What this task involves
Output must consist only of the lines of the material below from the one with "Open living area" through the one with "Three smiling friends", each reproduced exactly; no pictures belong in it.

Input data
BEGIN

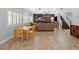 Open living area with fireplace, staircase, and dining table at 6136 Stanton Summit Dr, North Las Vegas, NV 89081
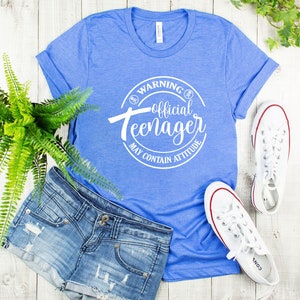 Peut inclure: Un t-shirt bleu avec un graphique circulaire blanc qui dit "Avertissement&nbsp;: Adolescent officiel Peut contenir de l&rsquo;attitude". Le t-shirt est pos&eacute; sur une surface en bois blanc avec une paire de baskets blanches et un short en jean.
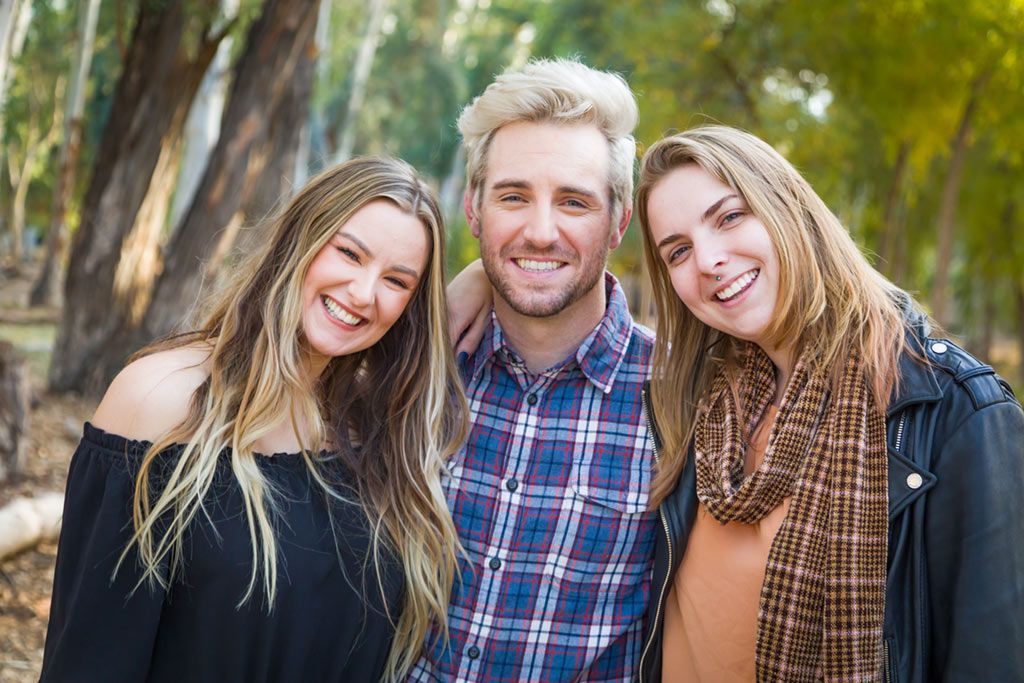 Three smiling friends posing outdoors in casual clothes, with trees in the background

END
BEGIN

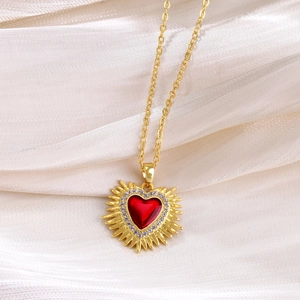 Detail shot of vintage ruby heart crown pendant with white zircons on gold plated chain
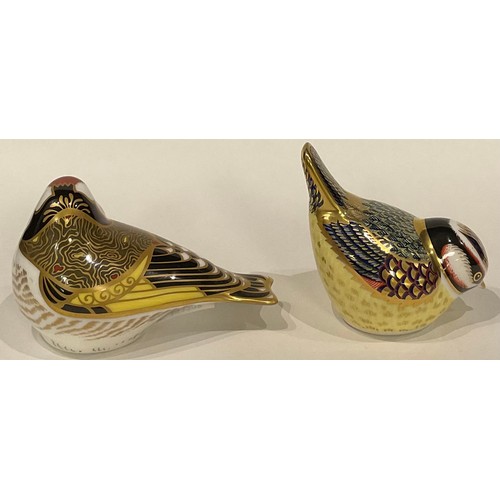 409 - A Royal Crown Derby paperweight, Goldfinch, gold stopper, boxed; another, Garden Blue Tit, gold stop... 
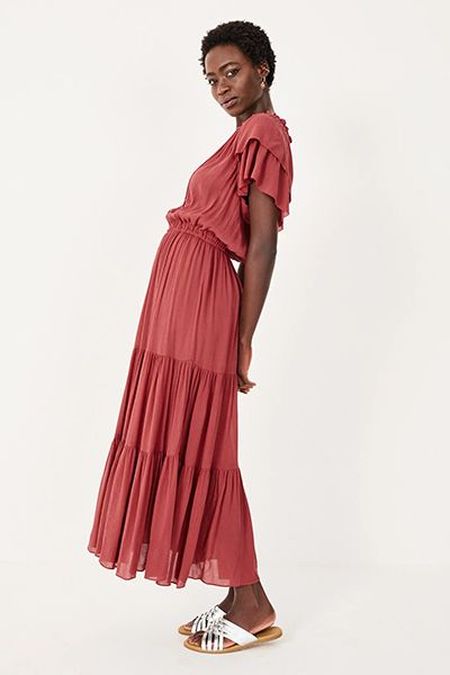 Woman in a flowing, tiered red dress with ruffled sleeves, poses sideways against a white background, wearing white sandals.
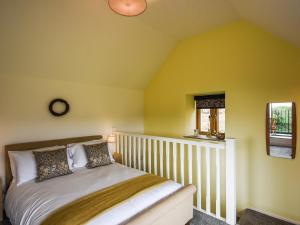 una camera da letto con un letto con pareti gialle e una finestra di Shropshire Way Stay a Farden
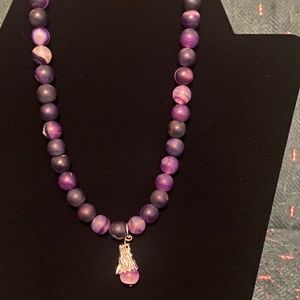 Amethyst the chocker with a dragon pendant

END

Answer to this exercise
 Open living area with fireplace, staircase, and dining table at 6136 Stanton Summit Dr, North Las Vegas, NV 89081
 Peut inclure: Un t-shirt bleu avec un graphique circulaire blanc qui dit "Avertissement&nbsp;: Adolescent officiel Peut contenir de l&rsquo;attitude". Le t-shirt est pos&eacute; sur une surface en bois blanc avec une paire de baskets blanches et un short en jean.
 Three smiling friends posing outdoors in casual clothes, with trees in the background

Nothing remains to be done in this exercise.